Reproduce word for word the lines of the listing from the first one through the one with "Ruffle Long Sleeve Crystal Midi Dress Black", omitting every picture.
* * * *
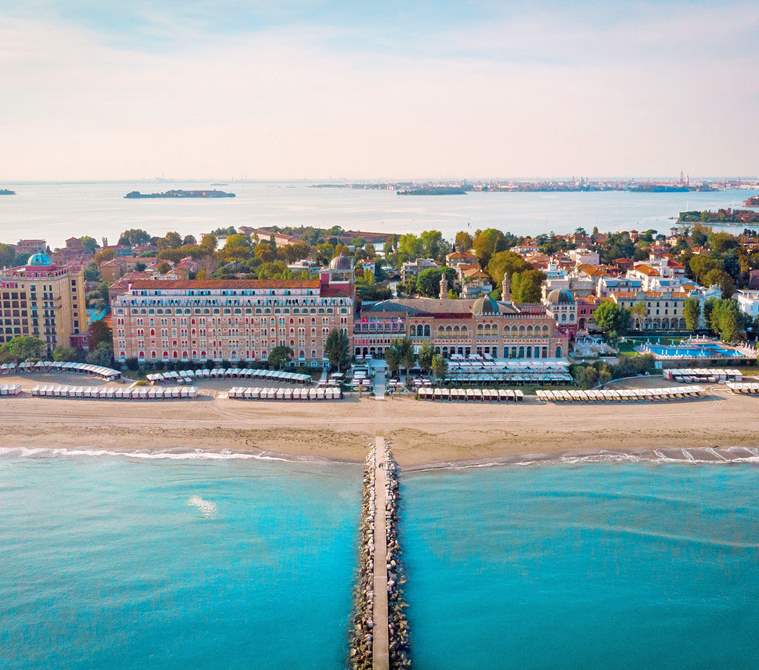 Hotel Excelsior Venice Lido Resort, Aerial view of the luxury hotel in Venice, Italy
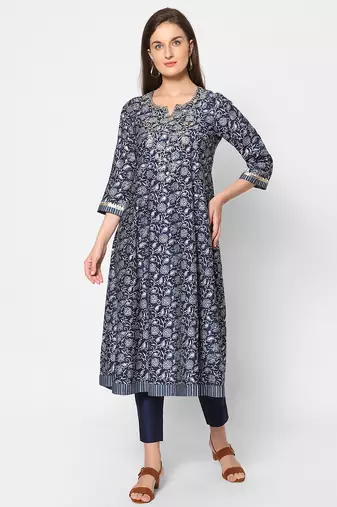  navy blue viscose three quarter sleeves long kurta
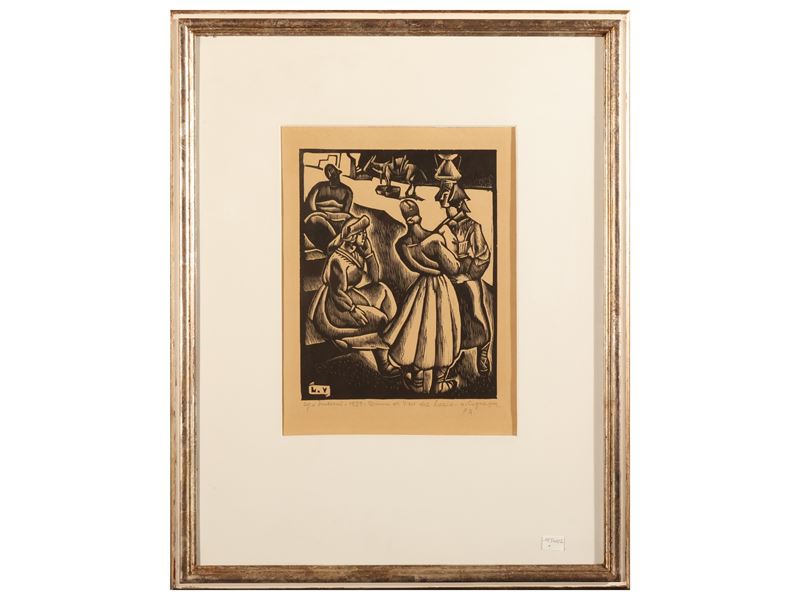 Ugo Lucerni - Donne di Vico del Lazio (xilografia in cornice)
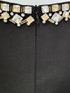 Ruffle Long Sleeve Crystal Midi Dress Black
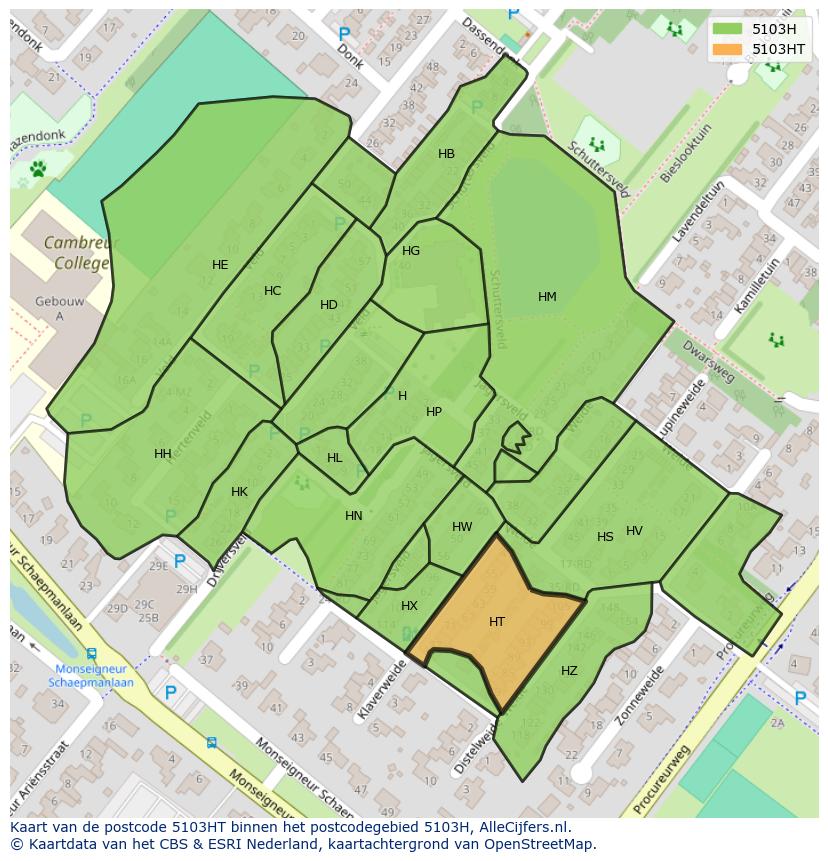 Afbeelding van het postcodegebied 5103 HT op de kaart.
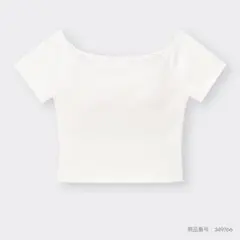 ブラフィールクロップドオフショルダーT(半袖) 白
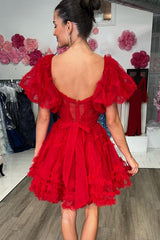 Dressystars Red Homecoming Dress Corset A-Line Short Prom Dress with Sleeves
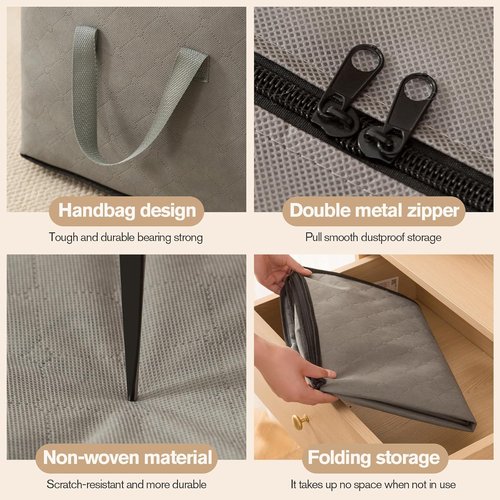 Large Storage Bags - Closet Organizers with Lids | Foldable Containers for Clothing & Bedding (4 Pack, 90L)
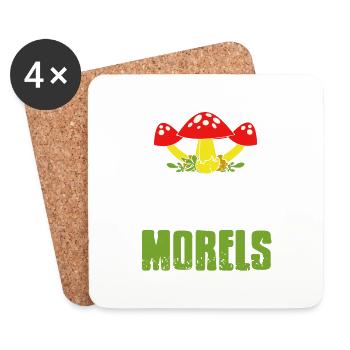 Yes I Know Where To Find Morels Mushroom Hunting - Coasters (set of 4) - white - Front
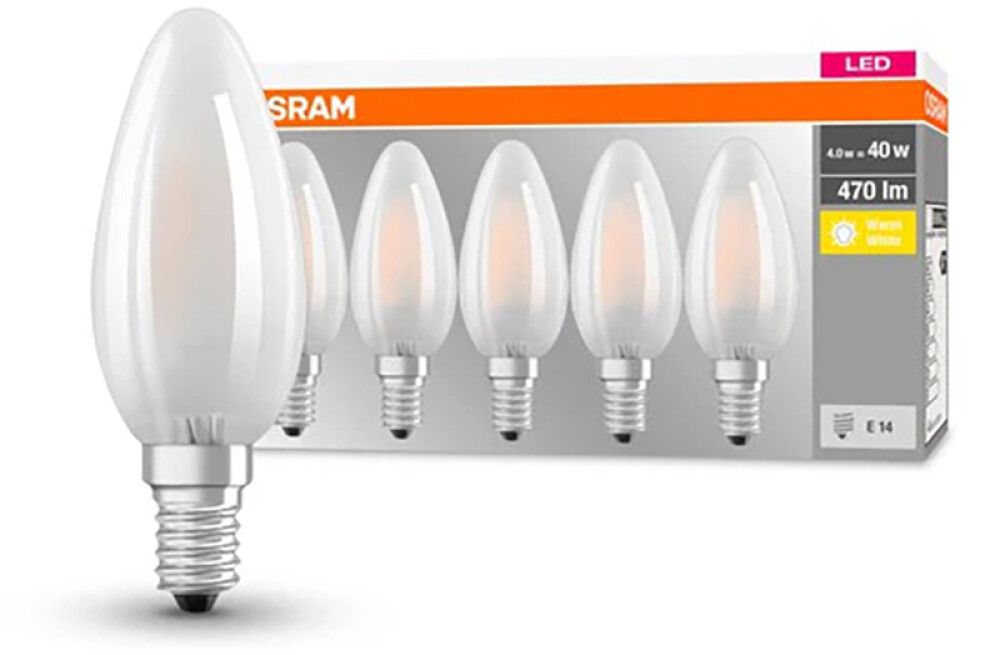 Led-Lamppu Osram Base CLB40 4W 2700K GL FR E14 5KPL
* * * *
SOLUTION TO THIS TASK -
 Hotel Excelsior Venice Lido Resort, Aerial view of the luxury hotel in Venice, Italy
  navy blue viscose three quarter sleeves long kurta
 Ugo Lucerni - Donne di Vico del Lazio (xilografia in cornice)
 Ruffle Long Sleeve Crystal Midi Dress Black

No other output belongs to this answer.